__WHAT IS REQUIRED__
Can you print the data exactly and leave out each image?

__COLLECTED MATERIAL__
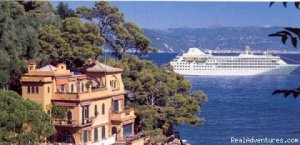 Cruising on Silversea Silver Whisper | Corfu, Greece Articles | Loutraki, Greece Travel Guides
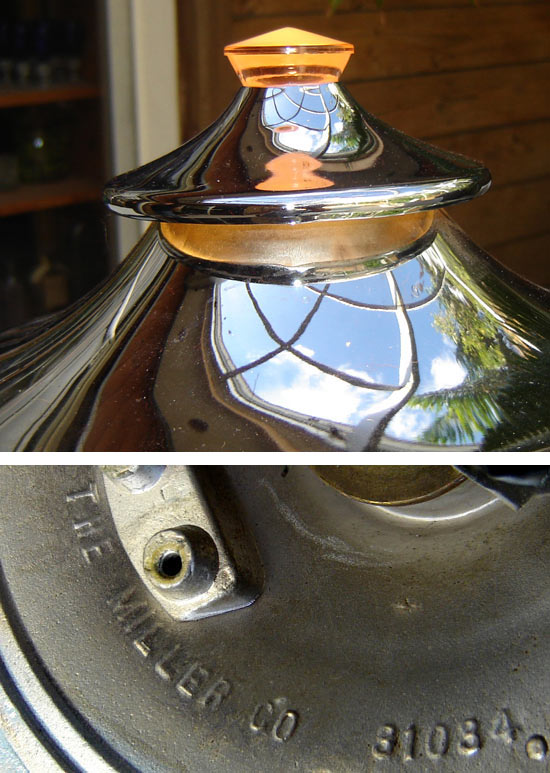 Walter Von Nessen Table Lamp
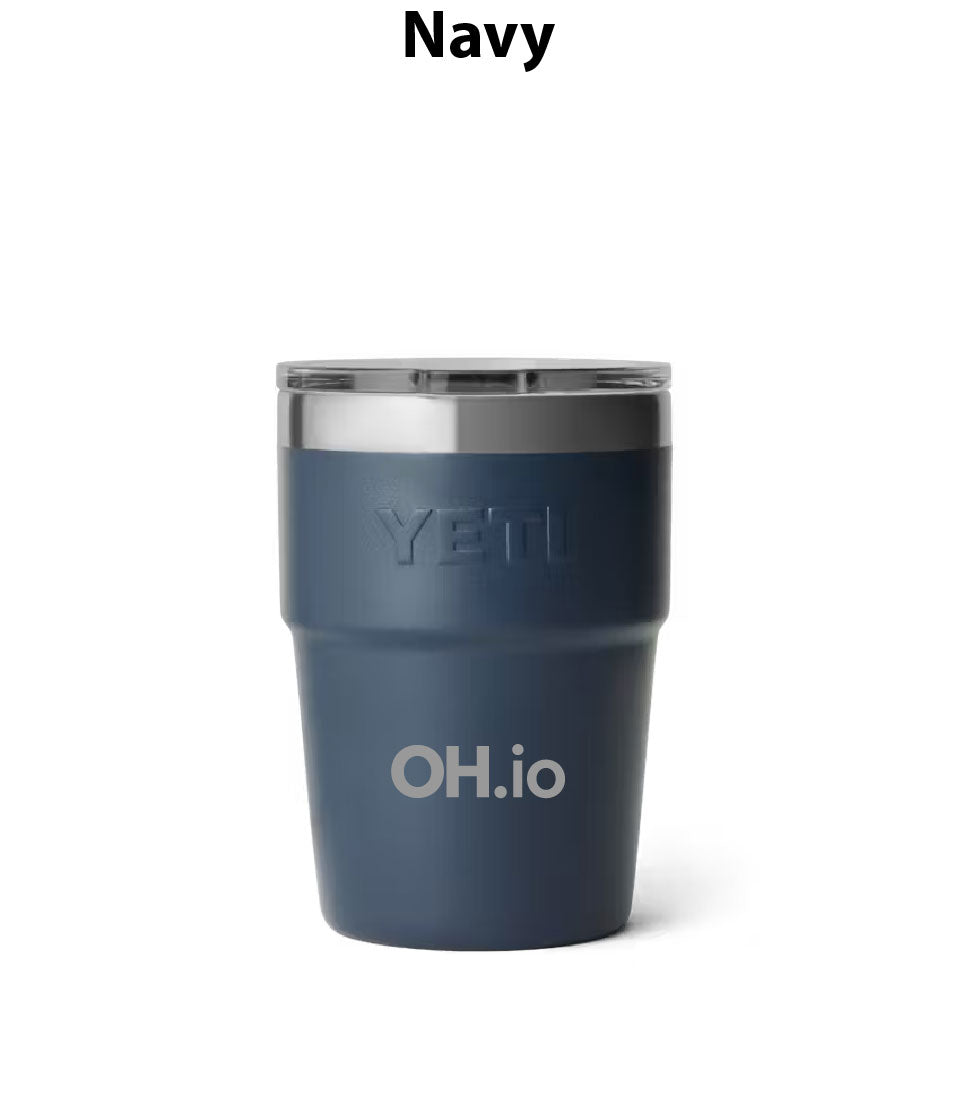 YETI 16 OZ Stackable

__RESPONSE AREA__
 Cruising on Silversea Silver Whisper | Corfu, Greece Articles | Loutraki, Greece Travel Guides
 Walter Von Nessen Table Lamp
 YETI 16 OZ Stackable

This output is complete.